[INFORMATION SUPPLIED — start]

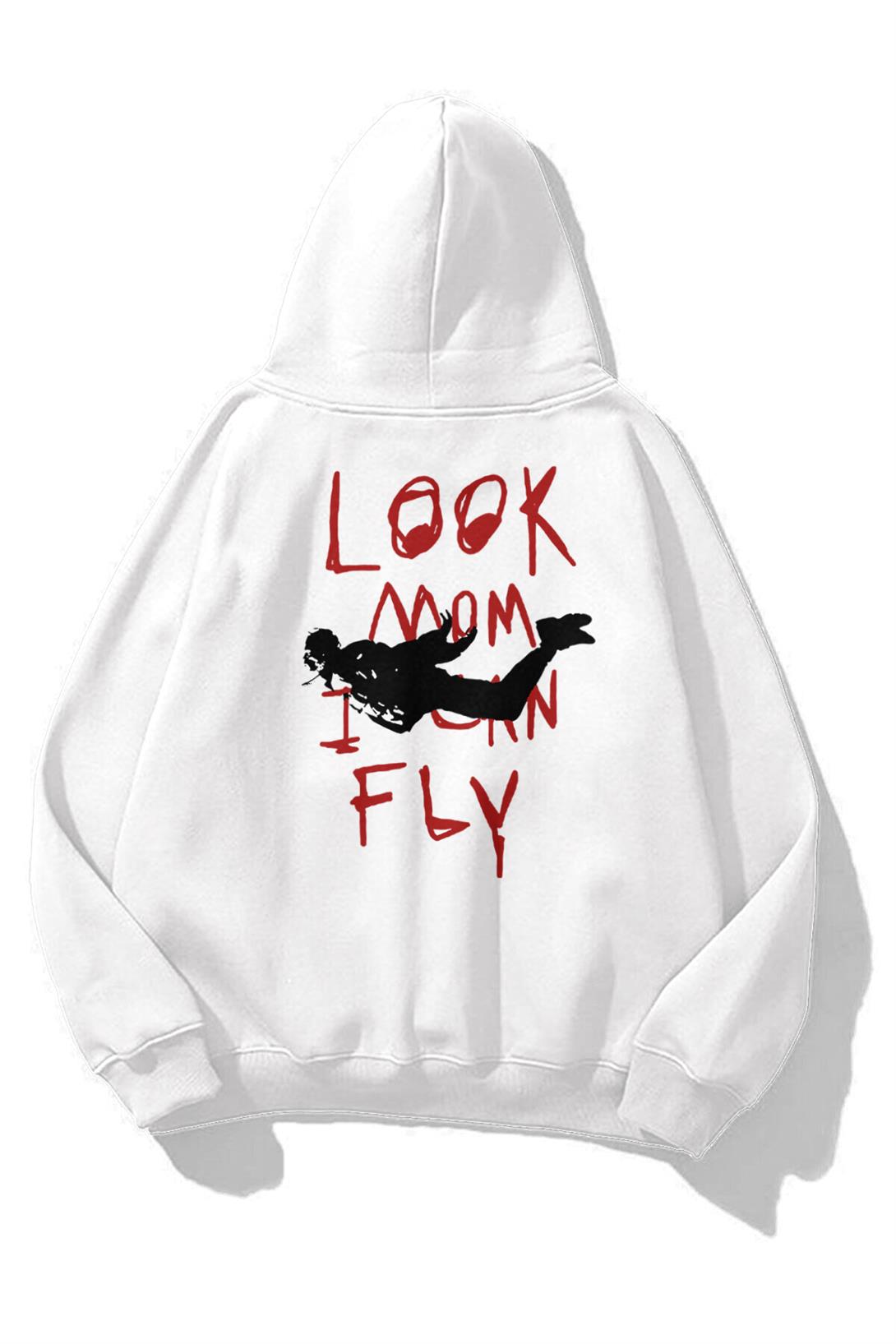 Unisex Smiley Look Mom Sweatshirt Beyaz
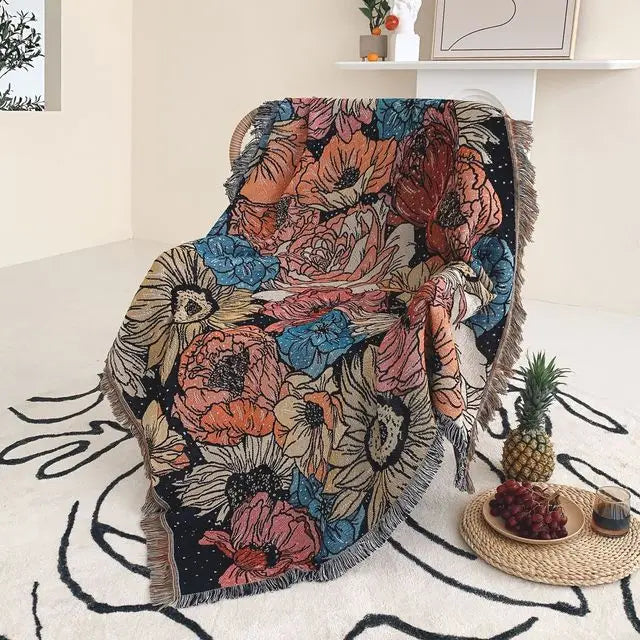 Moon Phase Garden Woven Sofa Blanket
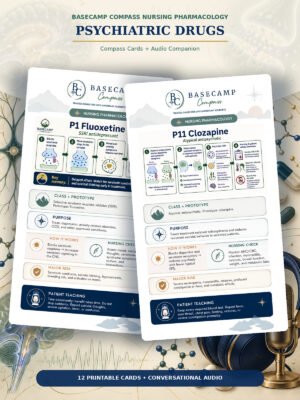 Psychiatric Drugs Compass Cards + Audio Companion printable nursing study guide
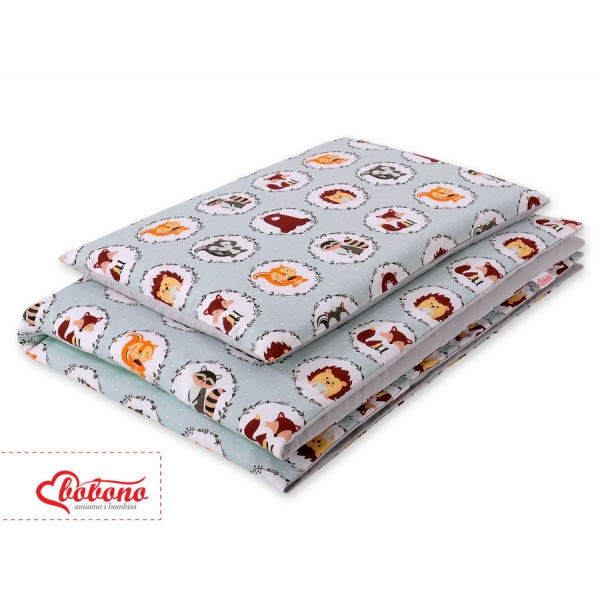 Juniorbett Bettwäsche Set 2-tlg 140x200 Junior - Minze Tierchen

[INFORMATION SUPPLIED — finish]

THE PROBLEM: Exclude the pictures, and transcribe all of the material exactly.

EXERCISE SOLUTION:
 Unisex Smiley Look Mom Sweatshirt Beyaz
 Moon Phase Garden Woven Sofa Blanket
 Psychiatric Drugs Compass Cards + Audio Companion printable nursing study guide
 Juniorbett Bettwäsche Set 2-tlg 140x200 Junior - Minze Tierchen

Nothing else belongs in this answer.